“Nobody likes me” is a thought that keeps buzzing around my brain like an annoying mosquito. But the thing is I don’t actually care so why does the thought bother me so? I keep trying to swat the thought away. Blaming my the mean Darcy for the cruelty. Even if let’s say the entire world was actually against me – I’d still be able to watch tv. I could still disappear into that different reality for whatever length of time. But I suppose is nobody really didn’t like me then all these goals/dreams I have would be useless because everybody knows it’s who you know not what you know. And if who I know is like “I never want to be around that loser again” and what I know is how to sing and play pretend and rewrite the world the way I could see it then where does that leave me. This a riddle I can’t seem to solve. Somehow though all this headache will lead to writing a kick ass screenplay/musical with amazing characters. The problem is I have the characters already written it’s just giving them dialogue and actually putting something on the page.
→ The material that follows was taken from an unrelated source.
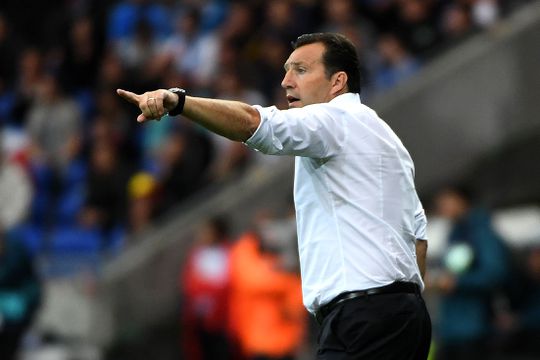 LOL! Zo bepaalt Wilmots dus zijn opstellingen (video)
I wish I could have an assistant who would write down all my ideas and flesh them out.
This is the part of my life where I spend thinking about all the stupid things I said and all the ways I am all wrong. For example, yesterday I actually said during that workshop that I’m desperate to connect with people which is why I get up on stage because I want a moment where all eyes are on me and people can hear me – finally. Or what about how when everyone else went up they were asked if they liked them…no such question was asked to the jury when I went up so the most likely conclusion would be: I’m unlike-able.
Anyways it’s just a thought I was thinking. I’ll go away now.